A jolt propels the Bergen light rail train smoothly out the mouth of the Bergenline Avenue station and into the heart of the metropolis, Jersey City. The sun protrudes through the smoggy polluted air and intensely shines amongst thousands of blue collar workers and student passengers. Your senses, your wishes, your imagination starts to flash as you stare out the window into the material world. These modern trains slowly rock and bounce you from side to side. Each moving screenshot invites another to create an imaginary synopsis for a picture in motion. The windows panoramic view gives shape to an inner-city filled with one of the five elements of hip hop. Through the trail, artists have made their mark and plastered their tagger names on someone’s property. The city does not wear art on its trains like the NY city 80’s graffiti era; now the trains are the front seat to the murals in Jersey City.

Memory is the film and your recollection of that painting surrounded by trees, vacant lots, and abandoned city sites, plays in your mind. Graffiti is a misunderstood art form that is captivated in an urban setting and portrayed in a translucent beauty to many artists. On the contrary, property owners seem to differ and struggle to erase these inner-city montages.

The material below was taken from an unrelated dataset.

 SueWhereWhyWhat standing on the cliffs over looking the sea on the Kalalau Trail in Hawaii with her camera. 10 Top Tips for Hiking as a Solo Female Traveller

Graffiti has been painted and written since humankind first put markings on caves and stone hedges. The modern graffiti originated on the East Coast, particularly New York City and Philadelphia, during the early 1970s.The Mecca of the hip hop culture, New York created five elements to its movement, which included graffiti, DJing, break dancing (B-Boy B-girl), MCing, and knowledge.

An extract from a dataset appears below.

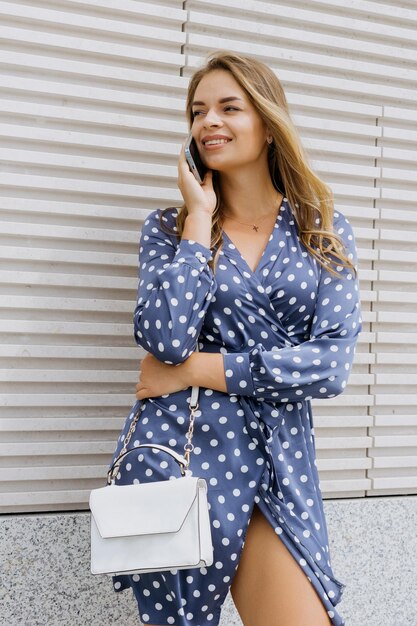 Ritratto di una donna d'affari di successo in un vestito blu che sta parlando al telefono fuori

In 1971, the street art form made its debut in Washington Heights, New York and the first writers of significance were TAKI, JULIO 204, FRANK 207, and JOE 136. Soon the term for putting up art was “bombing” and many artists began to bomb all over New York City. In the late 1980’s new graffiti forms began to evolve and new styles were being introduced. Artists developed intricate lettering formats with different scripts, calligraphic styles, leaning letters, cartoons, and throw up letters. In the Jekyll and Hyde era of the subway system, the ancient stainless steel trains were the moving murals that artists bombed from top to bottom. These trains were the veins of the big apple and the city that never slept was engulfed with a plethora of colors.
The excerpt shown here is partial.